Yemen'e ve Bahreyn'e yönelik çifte standart
Emperyalist ülkelerin "Arap Baharı" sürecindeki yaklaşımları bu ülkelerdeki çıkarlarının sürdürülebilirliği kriterine dayanıyor. Sürecin başında Tunus, Mısır ve Yemen gibi ülkelerde eski rejimleri destekleyen ABD ve Avrupa ülkeleri iktidarların kalıcı olmadığını anlayınca strateji değişikliğine gitmiş ve birdenbire bu ülke liderlerini diktatör ilan etmişlerdi. Ancak örneğin Libya'da süreç farklı işlemiş ve Kaddafi karşıtı silahlı muhalefet başından beri emperyalist ülkelerce desteklenmişti. Süreç NATO'nun müdahalesiyle ilerlemiş, Kaddafi'nin vahşice katledilmesi, yükselen ırkçı saldırılarla ülkede şeriatın ilan edilmesi gibi olaylarla sonlanmıştı.
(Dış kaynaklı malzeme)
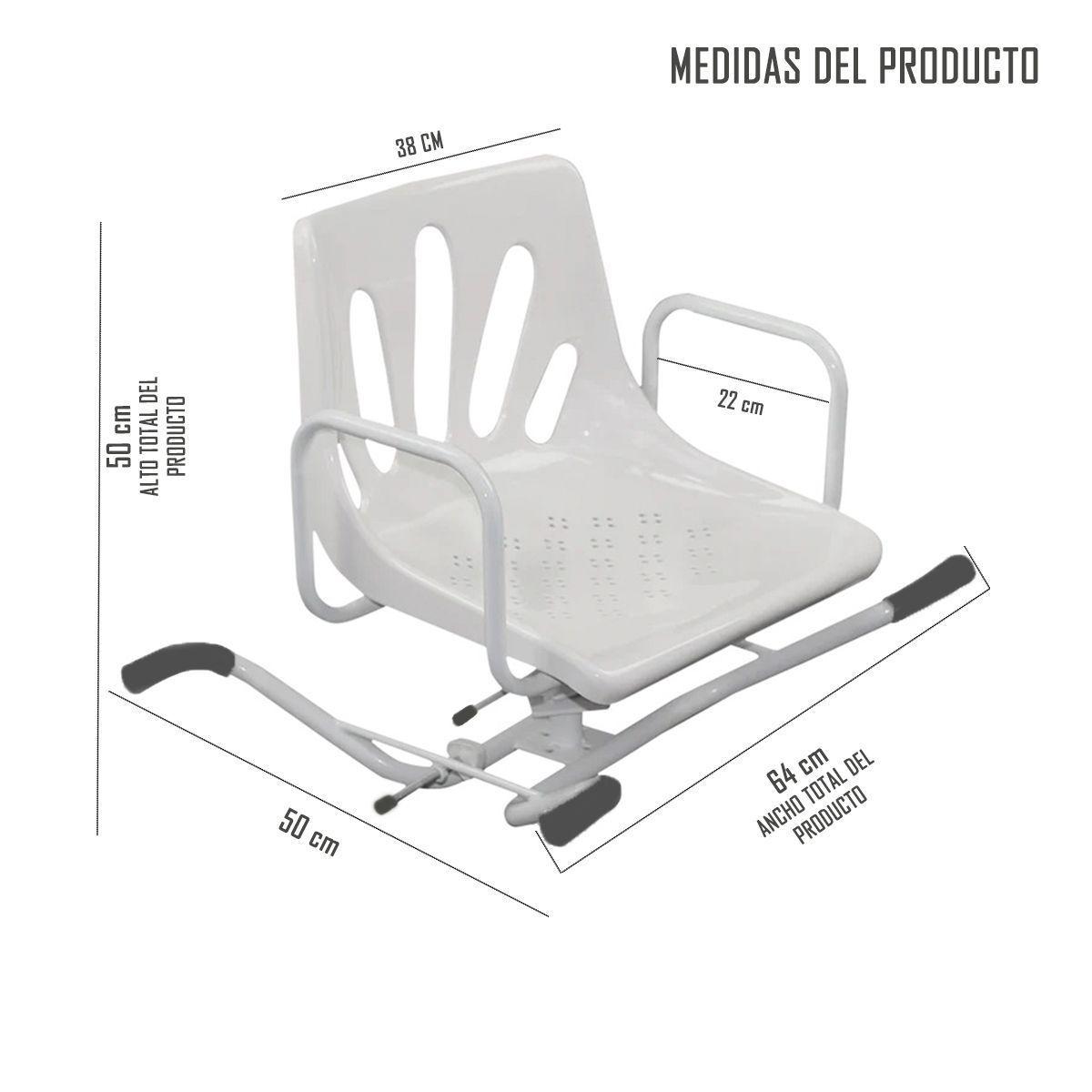 Silla De Ducha O Tina Giratoria Con Apoya Brazo-3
Emperyalist ülkelerin Arap coğrafyasındaki tüm ayaklanmaları ve muhalif hareketleri özgürlükçü ve 'devrimci' kabul etmediği biliniyor. Özellikle İslamcı hareketlerle antlaşmaya varıldıktan sonra bu ülkelerde art arda gerici hareketlerin iktidara geldiği bir süreç yaşanmıştı. Ancak örneğin Bahreyn'de halkın çoğunluğunu oluşturan Şiiler'in çıkardığı ayaklanmalar ve Şiiler'e dönük katliamlar Batı basınında yer bulmuyor. Bilindiği gibi bu ayaklanmalar Suudi Arabistan ordusunun da yer aldığı bir dış müdahaleyle bastırılmış ve pek çok göstericinin tutuklanması ve öldürülmesiyle sonuçlanmıştı.

Benzer şekilde Yemen'de muhalefetin çatı örgütü JMP içinde (Joint Meeting Party) Yemen Sosyalist Partisi'nin ağırlığı biliniyor. Ancak Yemen'de yaşananlar ve muhalefete dönük kanlı eylemler Batı basınında kendine çok az yer buluyor ve bunlara kayıtsız kalınıyor.